Convening on 13 March 2012, the Digia Plc Annual General Meeting (AGM) approved the financial statements for 2011, released the Board members and the CEO from liability, determined Board emoluments, resolved to keep the number of Board members at seven, and elected the Board of Directors for the new term.
With regard to profit distribution for 2011, the AGM approved the Board’s proposal to make a repayment of capital of EUR 0.10 per share to all shareholders listed in the shareholder register maintained by Euroclear Finland Ltd on the reconciliation date of 16 March 2012. The date for the repayment of capital was 23 March 2012. The AGM granted the following authorisations to the Board:
The AGM authorised the Board to decide on the buyback and/or acceptance as collateral of not more than 2,000,000 shares in the company. This buyback can only be executed by means of the company’s unrestricted equity. The Board shall decide on how these shares are to be bought. Own shares may be bought back in disproportion to the holdings of the shareholders. The authorisation also includes acquisition of shares through public trading organised by NASDAQ OMX Helsinki Ltd in accordance with the rules and instructions of NASDAQ OMX Helsinki and Euroclear Finland Ltd, or through offersmade to shareholders. Shares may be acquired in order to improve the company’s capital structure, to fund acquisitions or other business transactions, for offering share-based incentive schemes, to sell on, or to be annulled. The shares must be acquired at the market price in public trading. This authorisation supersedes that granted by the AGM of 16 March 2011 and is valid for 18 months, i.e. until 13 September 2013.
The AGM authorised the Board to decide on an ordinary or bonus issue of shares and the granting of special rights (as defined in Section 1, Chapter 10 of the Limited Liability Companies Act) in one or more instalments, as follows: The issue may total, at a maximum, 4,000,000 shares. The authorisation applies both to new shares and to treasury shares held by the company. By virtue of the authorisation, the Board has the right to decide on share issues and the granting of special rights, in deviation from the pre-emptive subscription rights of the shareholders (a directed issue).

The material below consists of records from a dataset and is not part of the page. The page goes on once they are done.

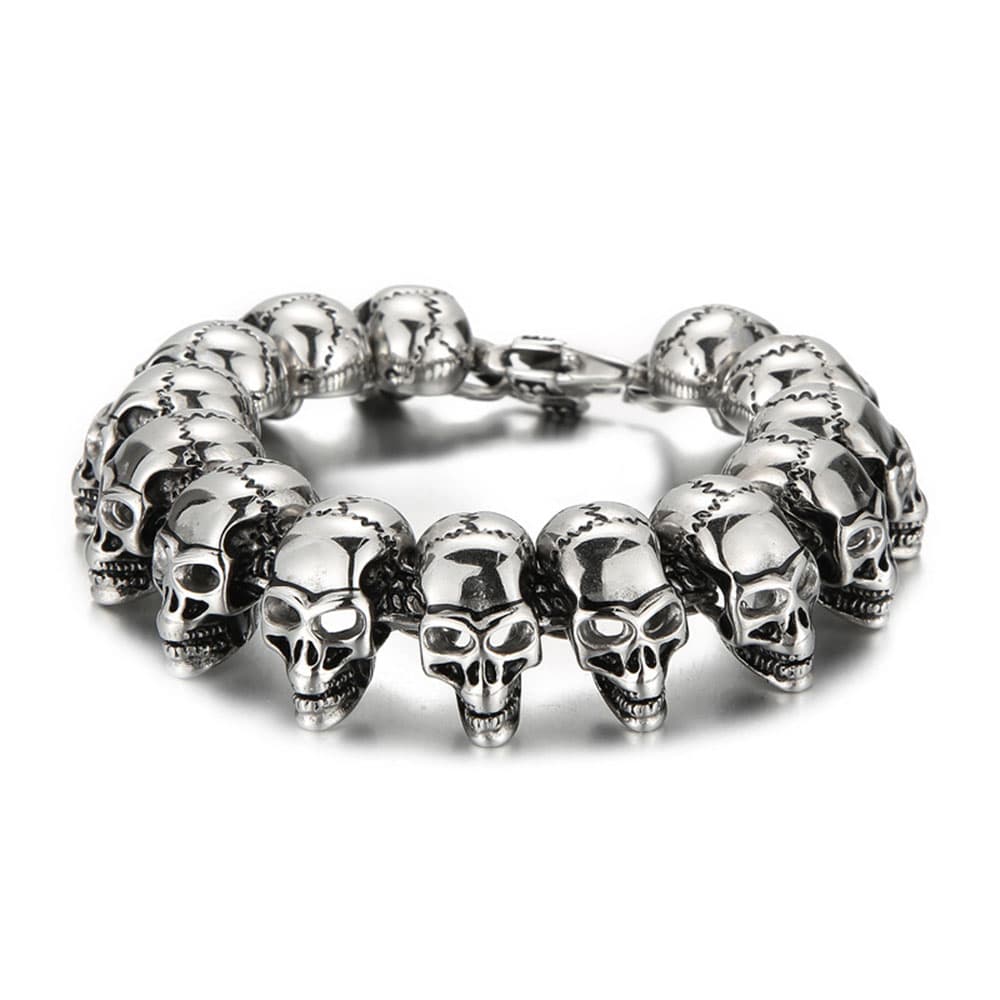 Heavy men's punk stainless steel skeleton skull head chain bracelet with detailed 3D skulls in an antique silver finish.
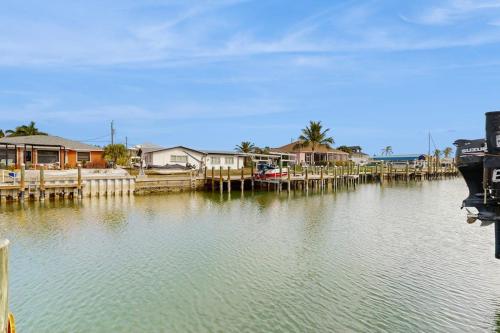 a body of water with houses and a dock at Diversity in Saint James City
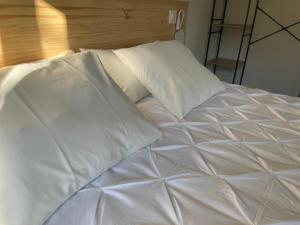 1 cama no hecha con sábanas y almohadas blancas en Apartamentos Los Pocillos, en Gargantilla del Lozoya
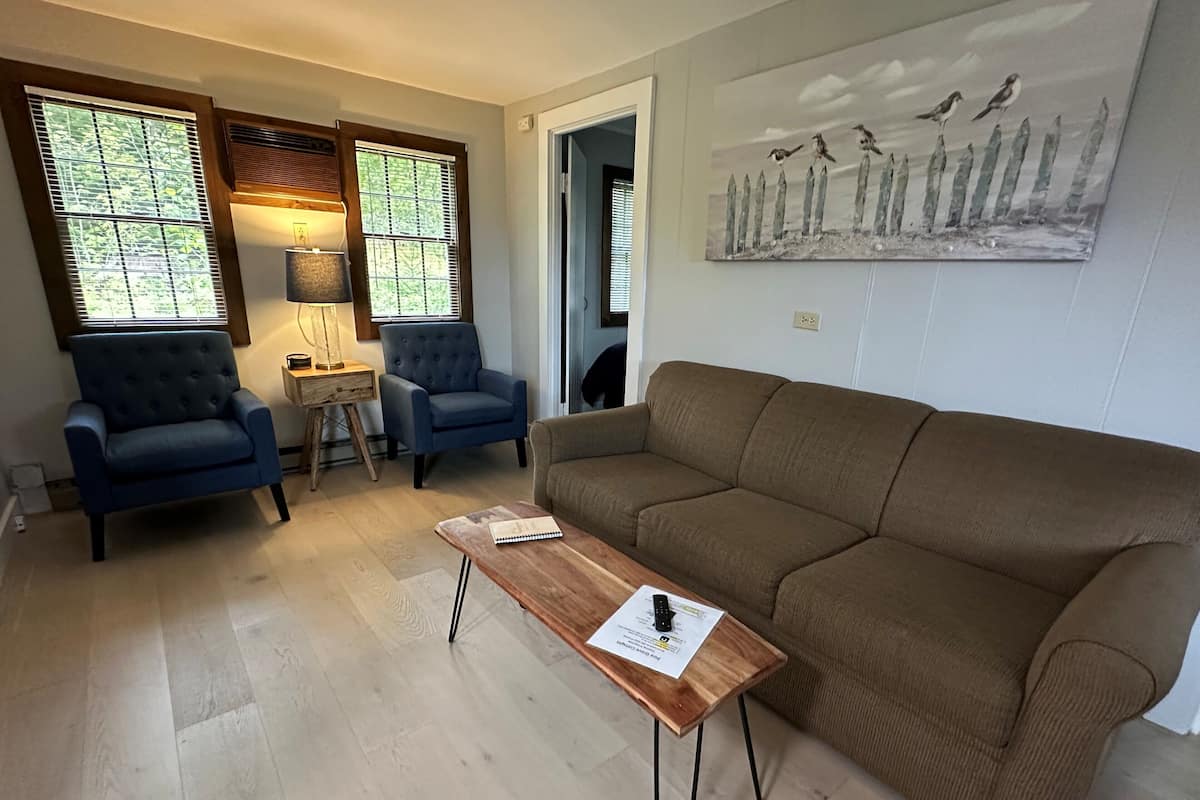 A living room with a brown sofa, two blue armchairs, a wooden coffee table with a notebook, and a lamp.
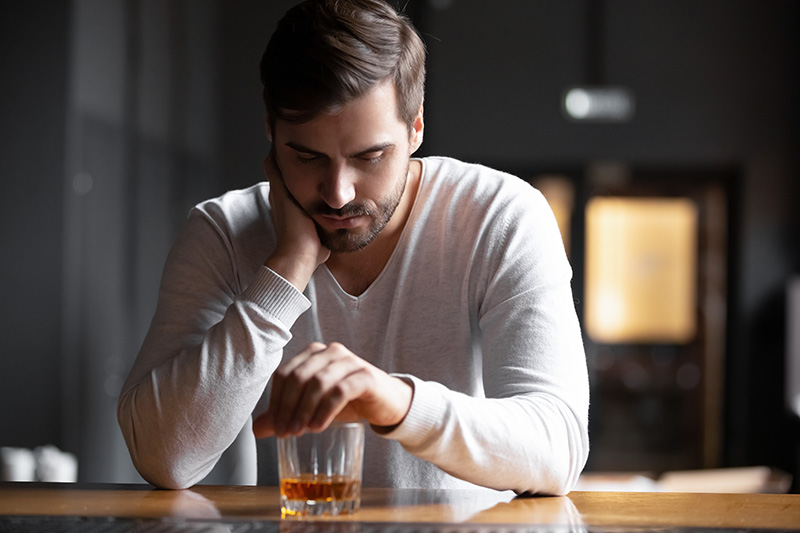 A man struggles with alcohol shakes.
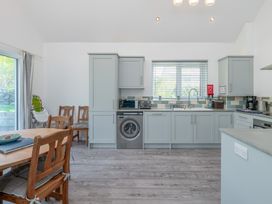 A kitchen with cabinets and dining table at Moranedd Bach in Holyhead
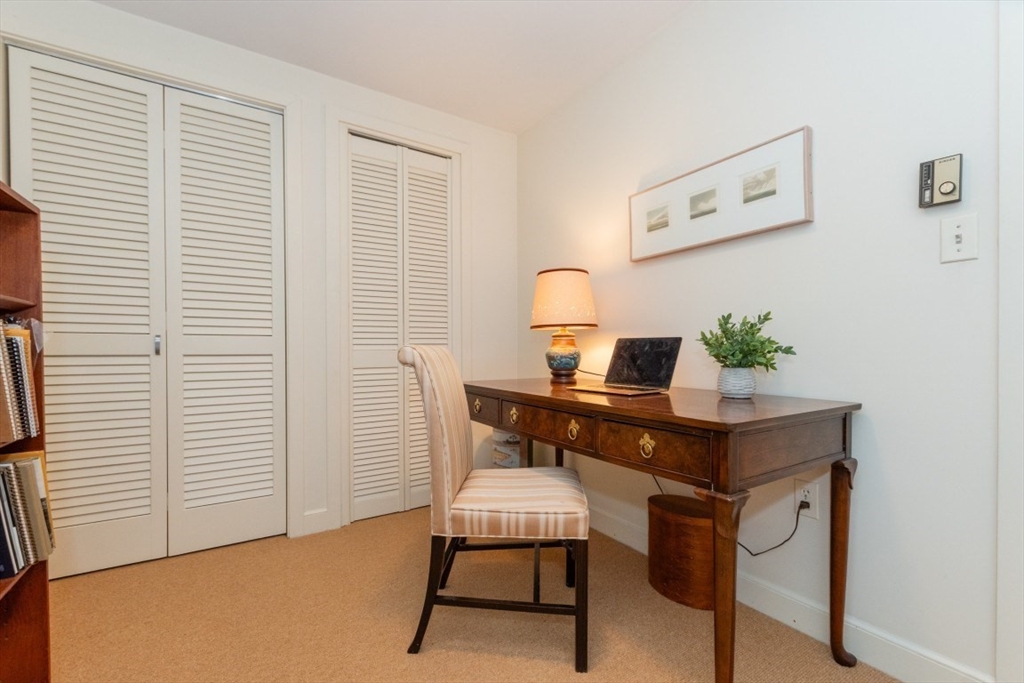 73 Valentine Street Newton, MA 02465 - Photo 12 of 26 a view of a workspace with furniture and wooden floor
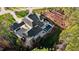 Aerial view showcases a luxury home with a pool and outdoor entertaining area at 1416 Bailey Hill Dr, Raleigh, NC 27614
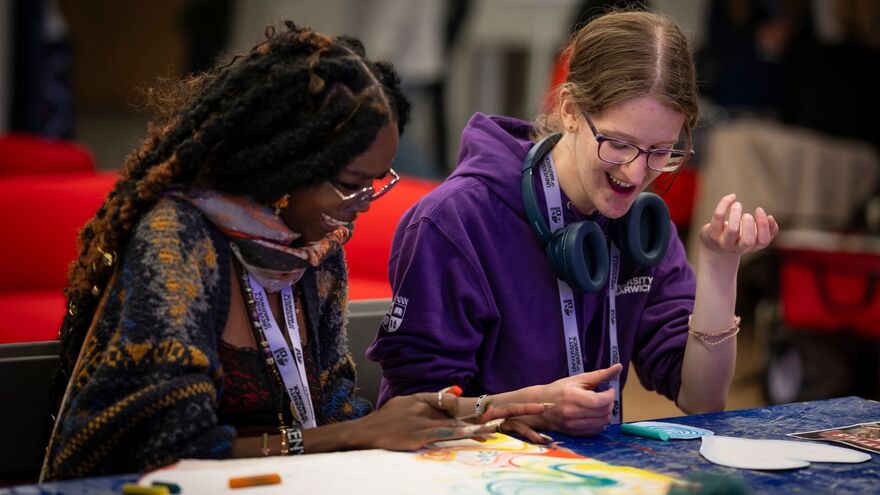 Two university students smiling and collaborating on a creative activity.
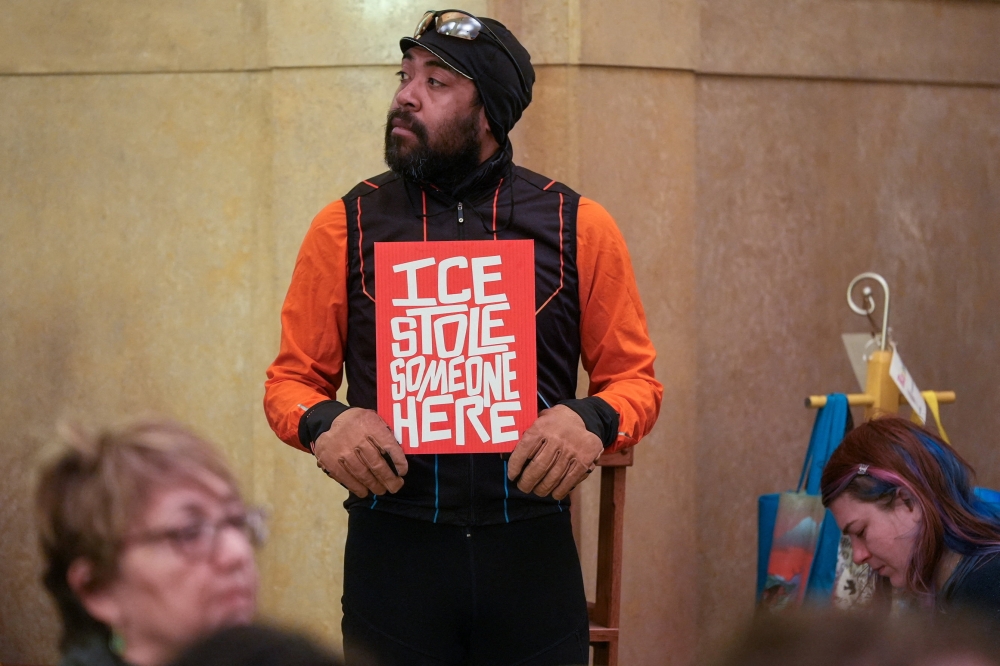 A man holds a placard as protesters gather during an event organised by Unidos MN at Christ Lutheran Church, near the State Capitol, in St. Paul, Minnesota February 26, 2026. — Reuters pic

The authorisation may be used to fund or complete acquisitions or other business transactions, for offering share-based incentive schemes, to develop the company’s capital structure, or for other purposes. The Board was authorised to decide on all terms related to the share issue or special rights, including the subscription price, its payment in cash or (partly or wholly) in capital contributed in kind or its being written off against the subscriber’s receivables, and its recognition in the company's balance sheet. This authorisation supersedes that granted by the AGM of 16 March 2011 and is valid for 18 months, i.e. until 13 September 2013.